Record set ->
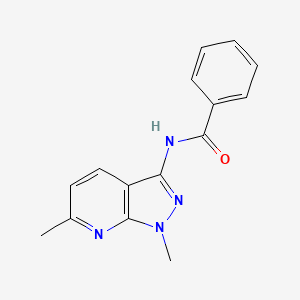 N-(1,6-dimethyl-1H-pyrazolo[3,4-b]pyridin-3-yl)benzamide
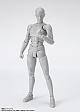 BANDAI SPIRITS S.H.Figuarts Body-kun -Sports- Edition DX SET (Gray Color Ver.) gallery thumbnail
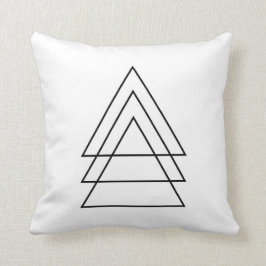 Minsta Trio av trianglar Kudde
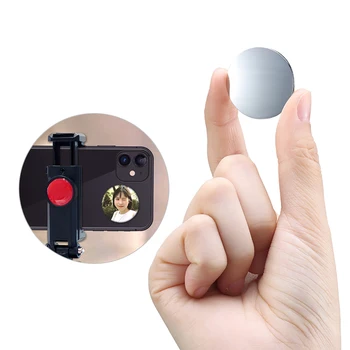 IPhone Samsung Photo Video Selfie Vlog aksessuarlari bilan mos keladigan Selfie uchun telefon metall plitalari uchun ixcham yopishtiruvchi oyna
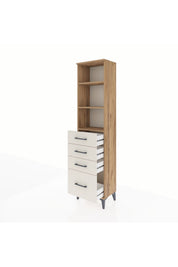 Arges Dolap 3 Raflı 4 Çekmeceli 44x30x182 - S22M041V7A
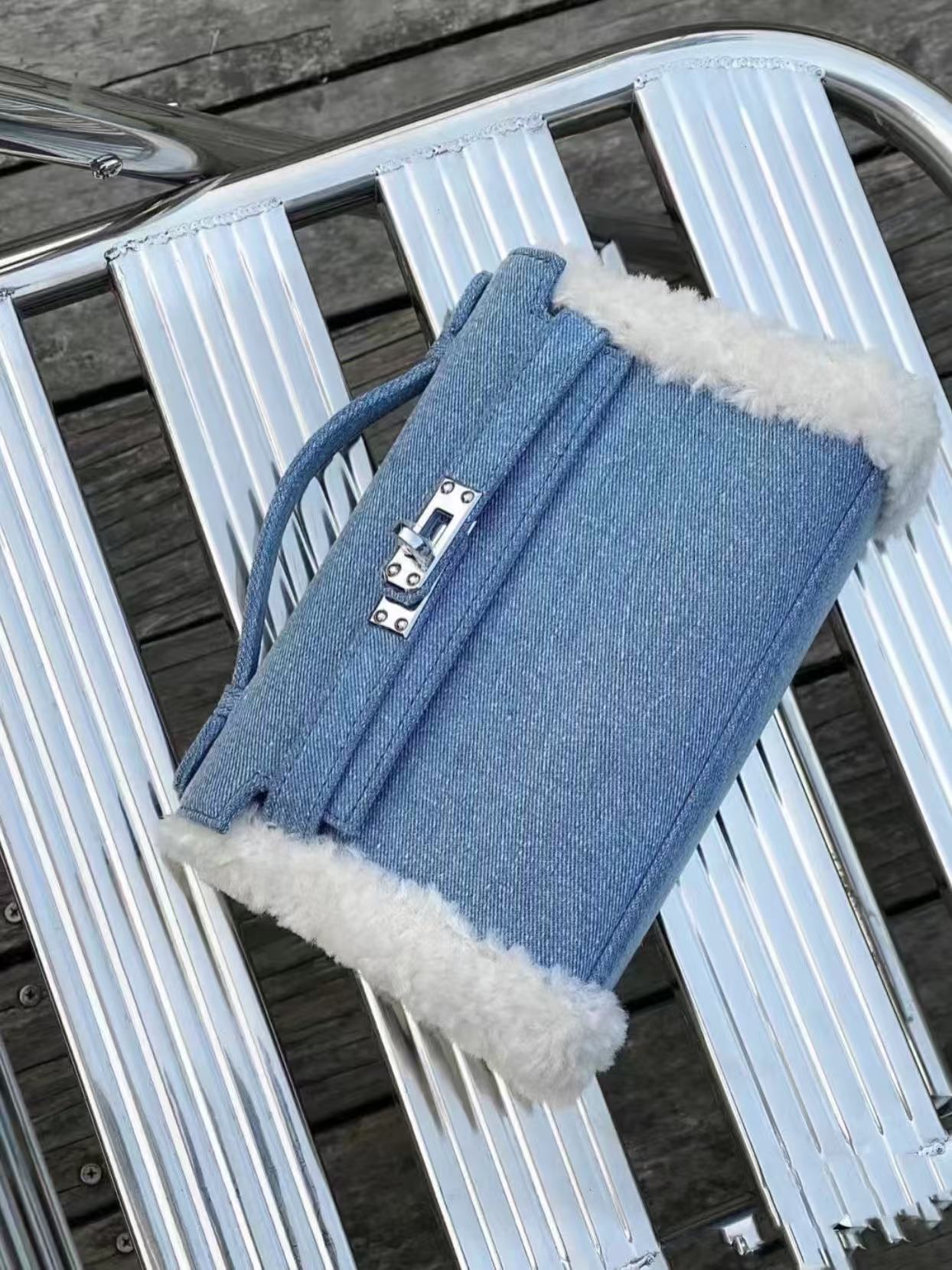 Denim Teddy Kelly Bag
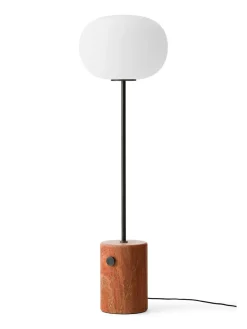 Audo Copenhagen Gulvlamper|Spots<JWDA Floor Lamp, red travertine stone fra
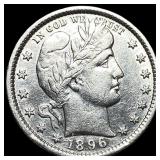 1896 Silver Barber Quarter CLOSELY UNCIRCULATED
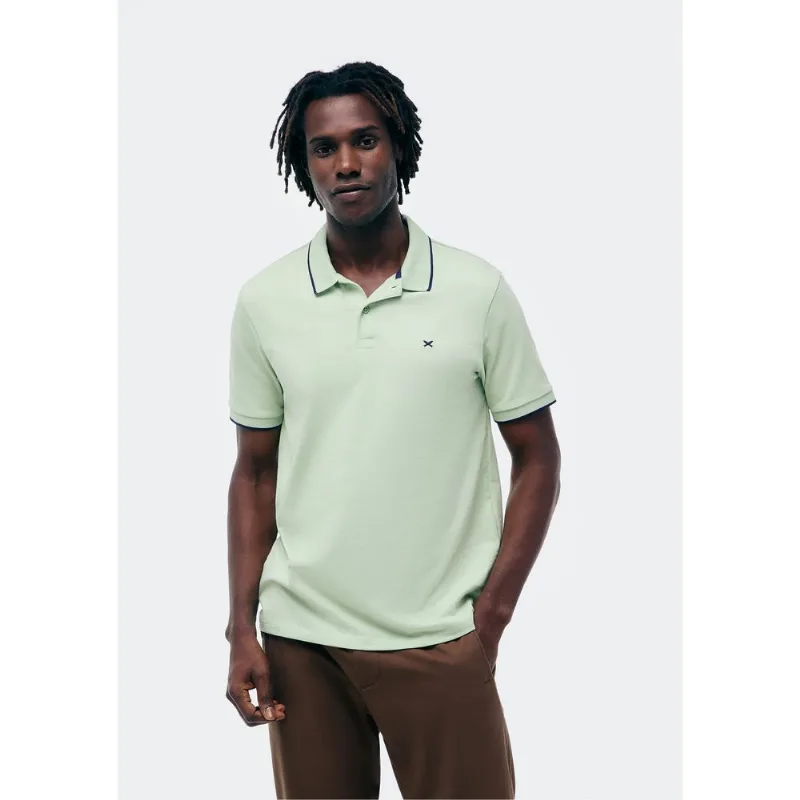 Camisa Polo Básica Masculina Super Cotton Com Bordado - Verde G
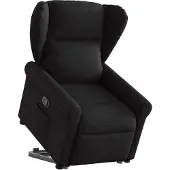 Syfax Fauteuil inclinable noir tissu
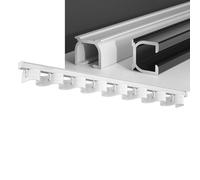 Sistema di binari per Tende da soffitto, Binario a S Regolabile da 3,3 a 19,7 Piedi per divisori, Montaggio a Parete o a soffitto, Ideale per Soggiorno, Camera da Letto, Doccia (Bianco, 4,2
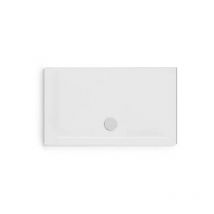 Piatto doccia rettangolare in ceramica modello squash h.4 cm 70x90 Ceramica Dolomite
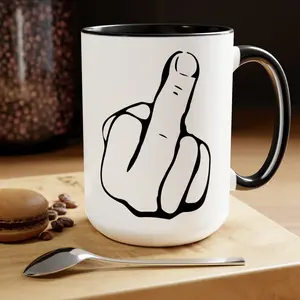 Middle Finger Mug | Funny Coffee Mug | Middle Finger Cup | Rude Coffee Mug | Funny My | Fck you Mug | Gag Gift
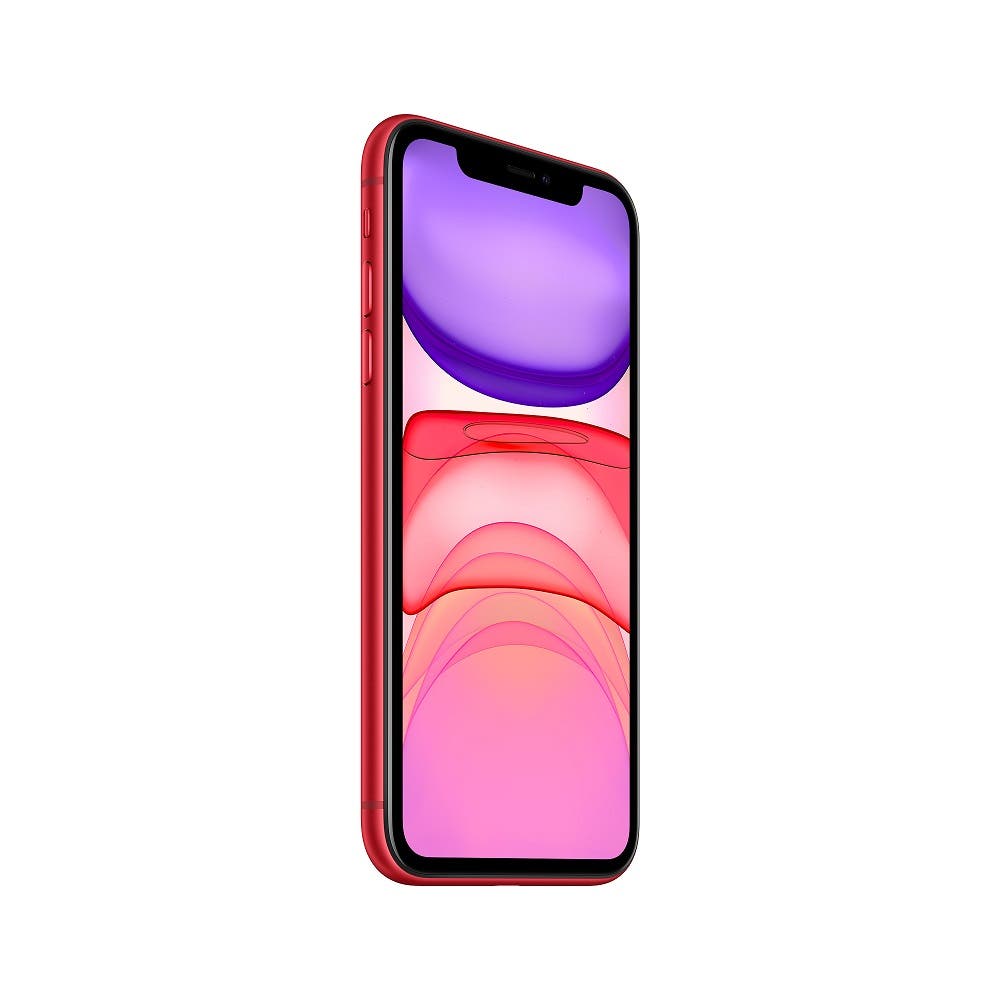 iPhone 11 semi nuevo color rojo, vista lateral – Nixblix Peru #Color_Rojo
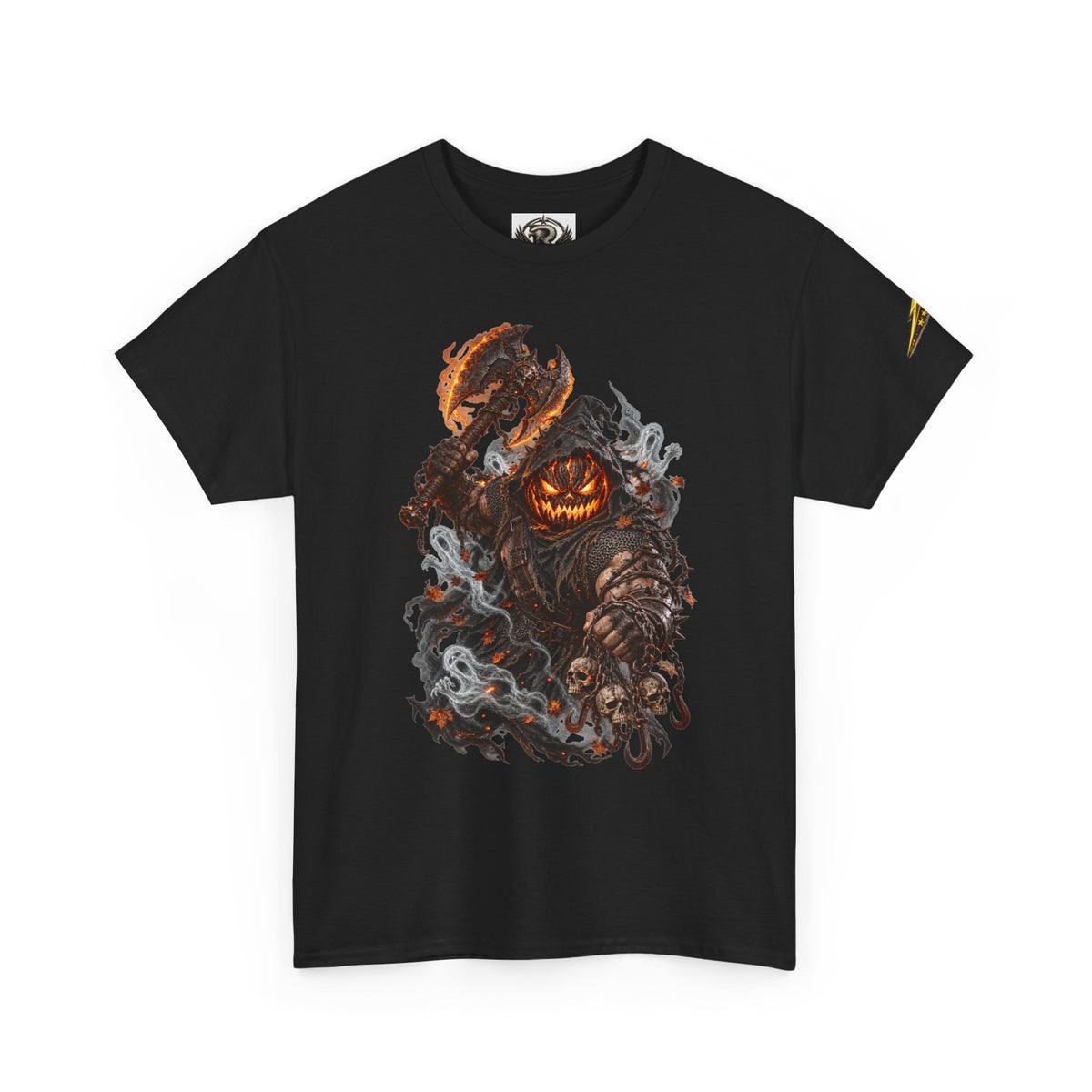 Pumpkin Scarecrow Tee — Spooky Halloween Jack-O'-Lantern Graphic T-Shirt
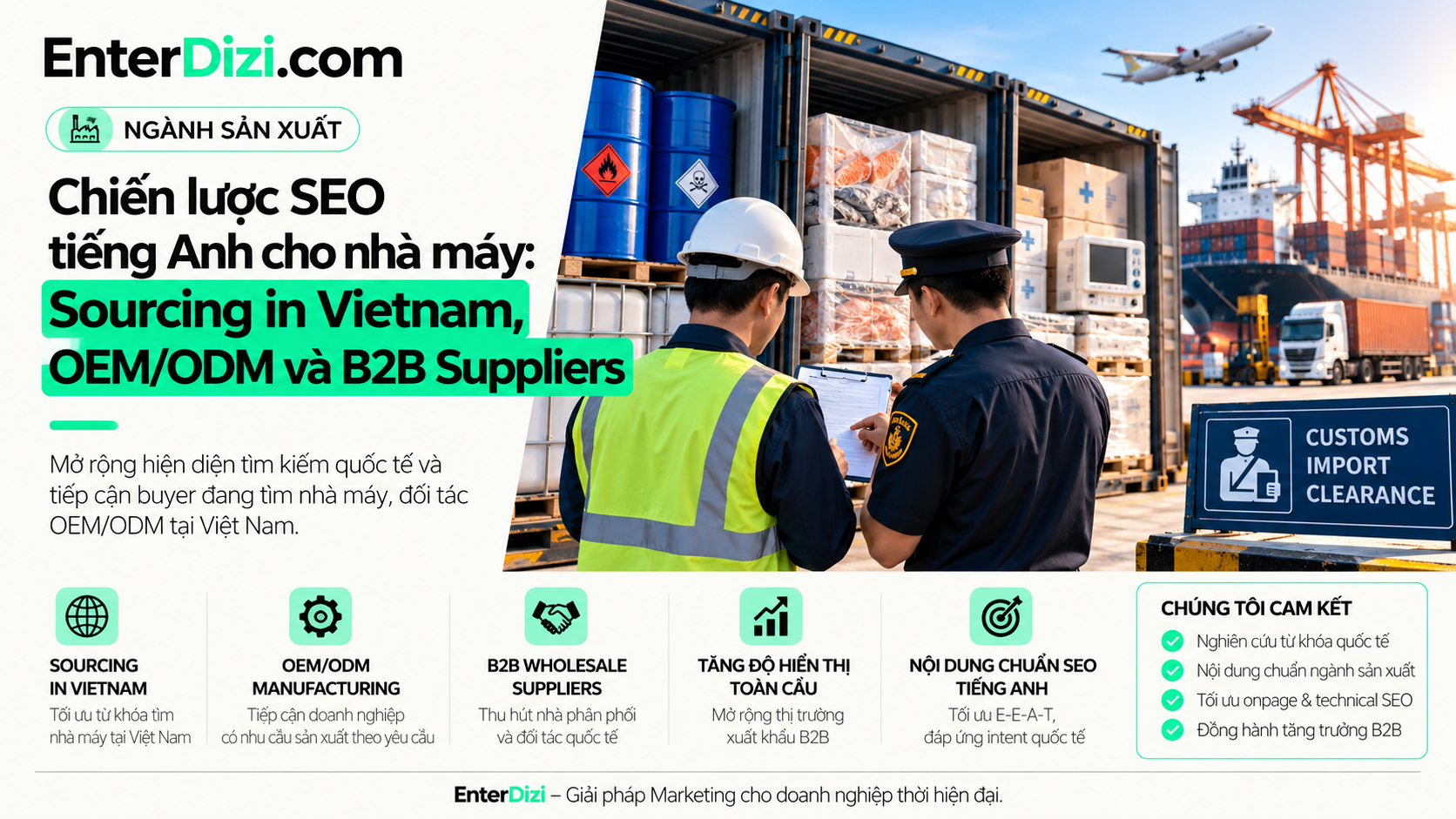 Tối ưu bài viết thủ tục thông quan cho nhóm hàng khó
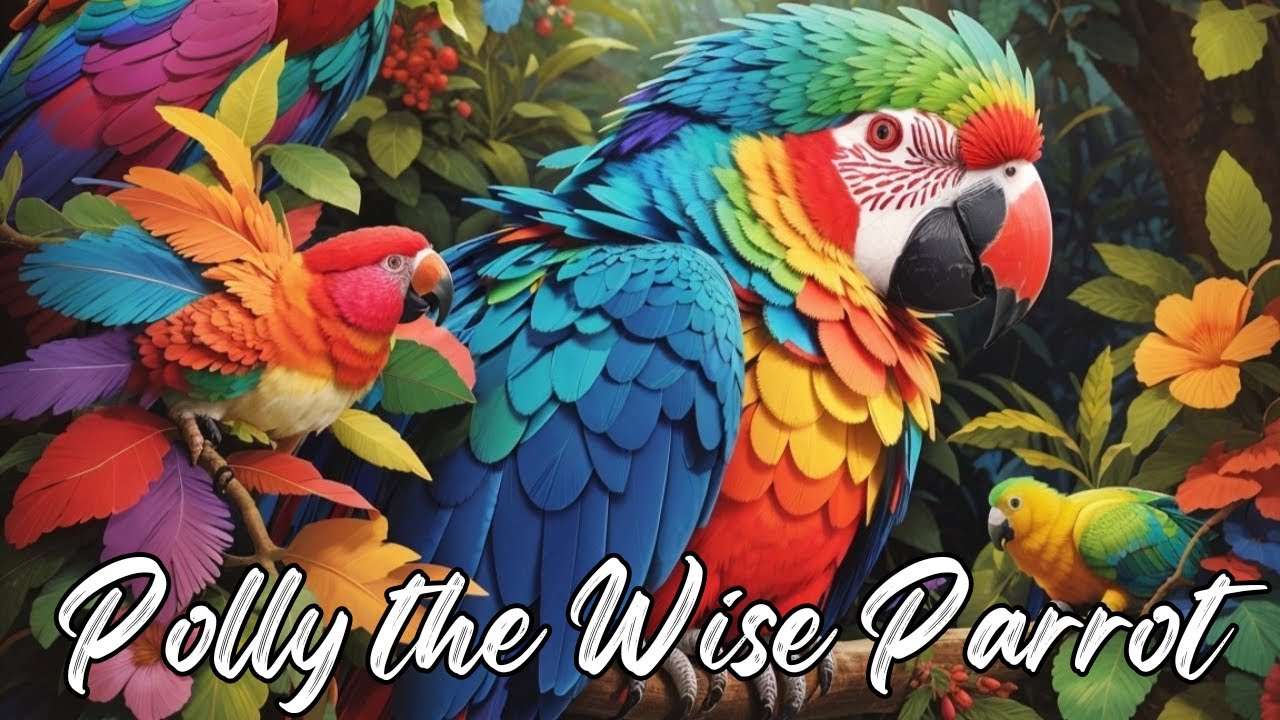 polly-the-wise-parrot-english-story-eng-sub-parrot-kids-story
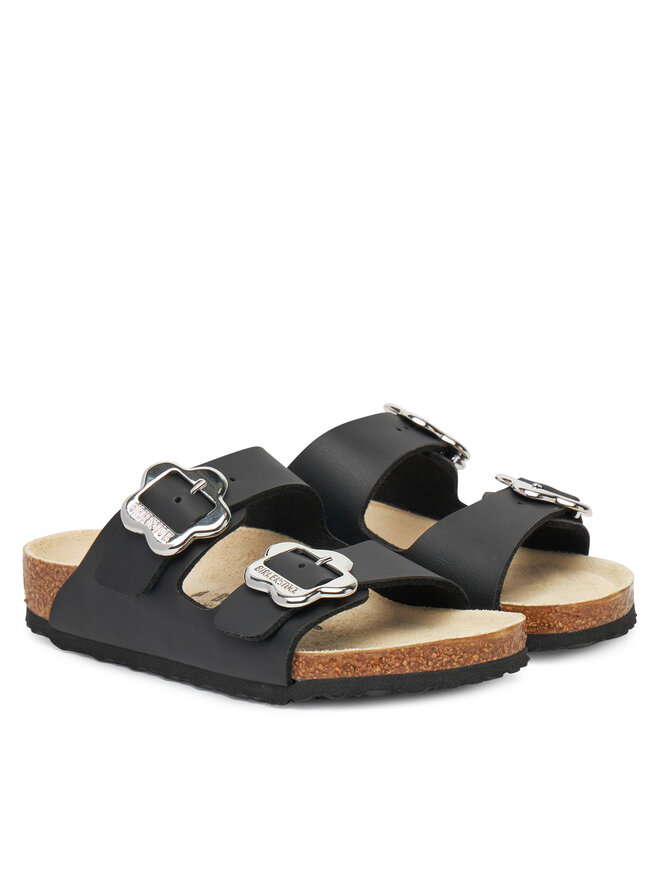 Мюли Birkenstock Arizona Flower Buckle Kids 1029844 S, черный — фото 2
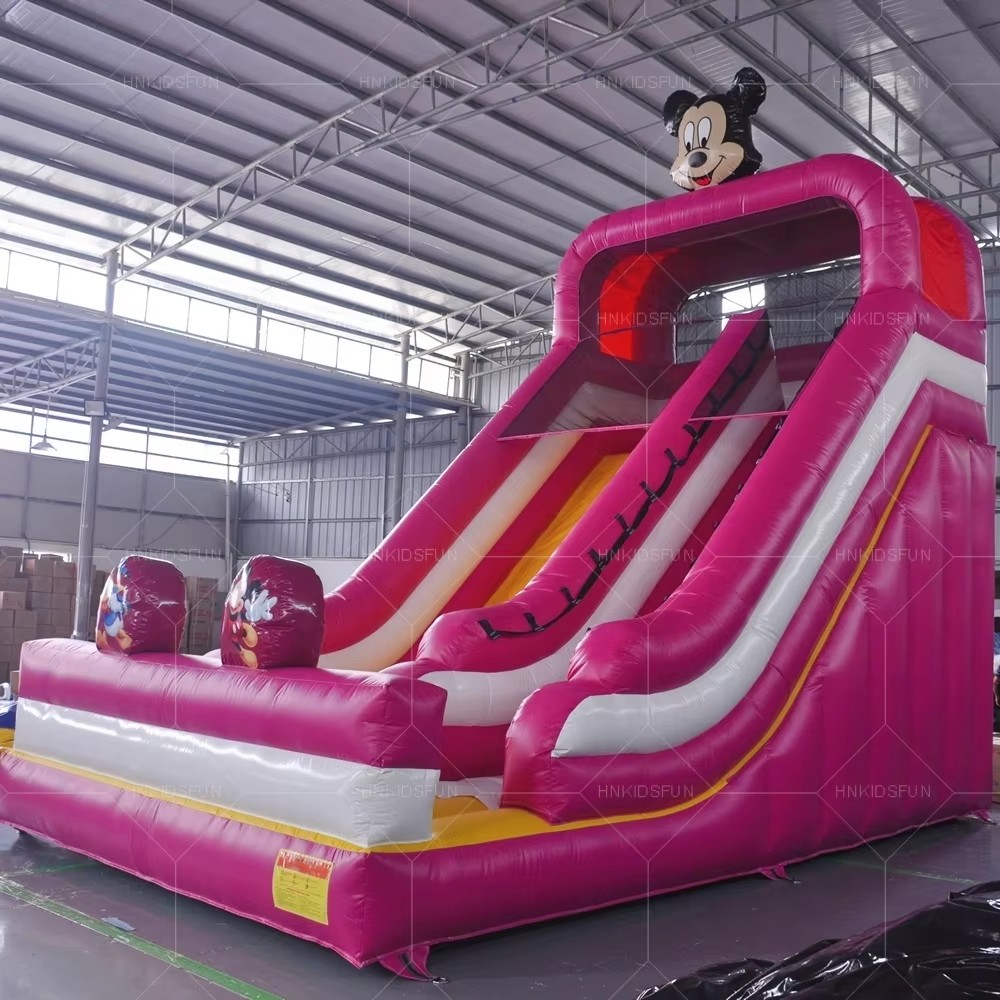 KFS068-Outdoor Games Giant Backyard Slide Pool slip and Slide Waterslide Toboggan Commercial Dry Water Slides Inflatable for Adults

Work item -> Output nothing but the lines from the line with "Syfax Fauteuil inclinable noir tissu" through the last line of the material above, please, word for word and without the pictures.

Result of the exercise ->
 Syfax Fauteuil inclinable noir tissu
 Sistema di binari per Tende da soffitto, Binario a S Regolabile da 3,3 a 19,7 Piedi per divisori, Montaggio a Parete o a soffitto, Ideale per Soggiorno, Camera da Letto, Doccia (Bianco, 4,2
 Piatto doccia rettangolare in ceramica modello squash h.4 cm 70x90 Ceramica Dolomite
 Middle Finger Mug | Funny Coffee Mug | Middle Finger Cup | Rude Coffee Mug | Funny My | Fck you Mug | Gag Gift
 iPhone 11 semi nuevo color rojo, vista lateral – Nixblix Peru #Color_Rojo
 Pumpkin Scarecrow Tee — Spooky Halloween Jack-O'-Lantern Graphic T-Shirt
 Tối ưu bài viết thủ tục thông quan cho nhóm hàng khó
 polly-the-wise-parrot-english-story-eng-sub-parrot-kids-story
 Мюли Birkenstock Arizona Flower Buckle Kids 1029844 S, черный — фото 2
 KFS068-Outdoor Games Giant Backyard Slide Pool slip and Slide Waterslide Toboggan Commercial Dry Water Slides Inflatable for Adults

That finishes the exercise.